Monday, April 16, 2012

Book Review: Empire in Black and Gold

As anyone who has known me for any length of time will attest, I have always looked down on the Fantasy genre with the reflexive snobbery of a long-time Science Fiction Fan. I was at least partly cured of this after my "Big Year of Reading Fantasy" although I still feel pretty wary of it's tics, tropes and seemingly self-inflicted limitations of what the genre is allowed to be. I'm still more than capable of getting a little snippy about it, but at the same time there is an increasing amount of it on my bookshelves and I came back from the SFX weekender with 3 out of 4 books bought being Fantasy. And its starting to look like my next big reading obsession is a Fantasy series too.

Oh dear, team.

Adrian Tchaikovsky's Empire in Black and Gold fits right in with what seems to be the big trend in Fantasy at the moment, which is a certainly amount of introspection as to what the genre is, and a pushing back at the boundries to try and make it a bit broader. Mostly, this seems to manifesting in "grimmer and darker", with writers like George RR Martin, Joe Abercrombie and others moving into full-on deconstruction of Heroic Fantasy, or building series around more noir-ish (and borderline unpleasant) characters from the get-go. Tchaikovsky, at least on the basis of the first book, is moving in a slightly different direction, and rather than taking throwing his toys around in a more traditional Fantasy setting, he's throwing them around in a noticably different one.

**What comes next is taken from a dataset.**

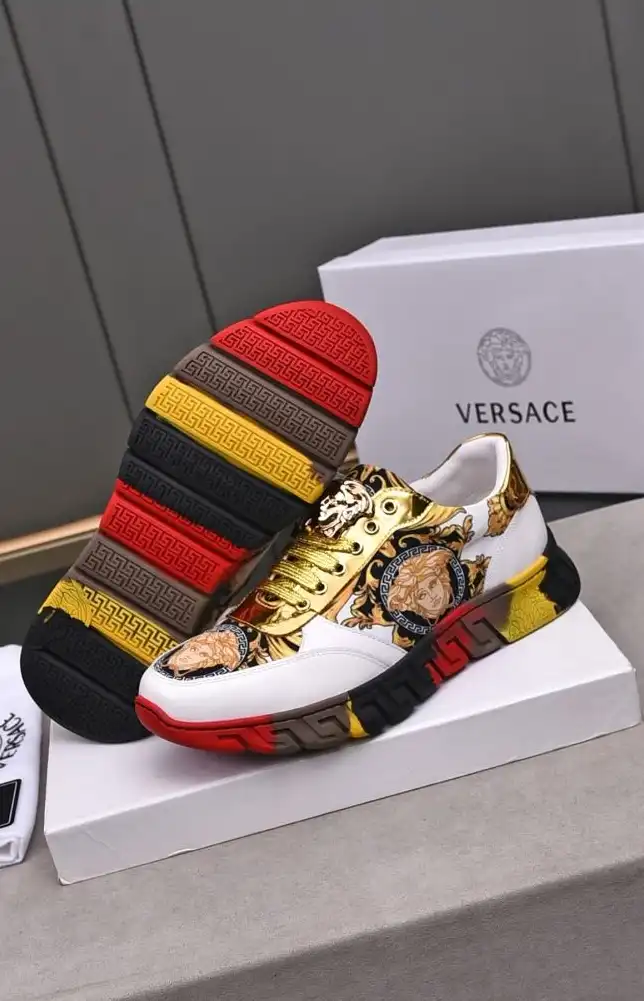 hype Givenchy Sneakers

There are two big distinctive elements to Empire in Black and Gold - the insect thing, and the technology thing. The former is a clever way of creating distinct races without falling back on the usual fantasy elves/dwarves/etc stereotypes  (at least too much). At some point in the distant past, Humans have evolved a sort of symbiosis with this worlds giant insects, gaining characteristics and semi-magical innate abilities from them. These "Ancestor-Art" abilities have some overlap - several races can manifest art-wings, for instance, or body weapons - but the combinations are unique, as are distinct body characteristics and fairly strong mental characteristics, both good and bad. Interbreeding is definitely possible, but hugely frowned upon, and the resulting half-breeds seem a mixed bunch in terms of whether their mixed heritage is a boon or a curse.

I'd say Tchaikovsky overdoes it occasionally with cameos of new insect-kinden, especially as the book neatly unpick the "main" races at a leisurely, story-led pace and doesn't always need a "oooh! it's a thingy-kinden" popping up, but it does imply a wider world and they're usually pretty interesting characters in their own right, and the ancestor arts are pretty much always interesting and appropriate.

The other big thing is the technology. I'm still not sure why Fantasy technological evolution seems to stop dead before the renaissance, apart from when some villain feels the need to spontaneously invent gunpowder, but Empire in Black and Gold's world is pleasantly different. For a start, the big historical upheaval that led to the way the world is was driven by technologically-adept races overthrowing their non-adept (its like a mutual mental block between magic-users and tech-users) and establishing a new order, and technology, shockingly, has continued to evolve. Sure, its "fantasy" technology in the sense that its a bit woolly at times, and may not stand up to "real world" examination (what are the zeppelins filled with, exactly?) but by god its nice to have a fantasy world with trains, factories, early flying machines (of all sorts of types) and ironclad warships. If nothing else it makes for fantastically distinctive and busy battle sequences!

The story itself is also pretty interesting - sure, an elder parental surrogate gathers a band of adventurers together to fight an encroaching enemy, but it's quickly more than that, a story as much about politics and intrigue, with rounded characters on all sides, and in many ways Empire in Black and Gold is unashamed of being Heroic Fantasy because its telling a complex and mature story without having to resort to a truck-load of brutal torture and violence against women to probe how dark it's being. I don't know if its intended but it feels like a real rejection of medievalism as a base-line fantasy settling, with a more18th century trade-and-industry feel to the politics of it all.

I think it's a credit to how much I enjoyed it that I immediately rushed out and bought (and read in short order) the second book in the series. So yeah, another Fantasy series got its hooks into me, dammit. Oh Dear. Oh Dear indeed.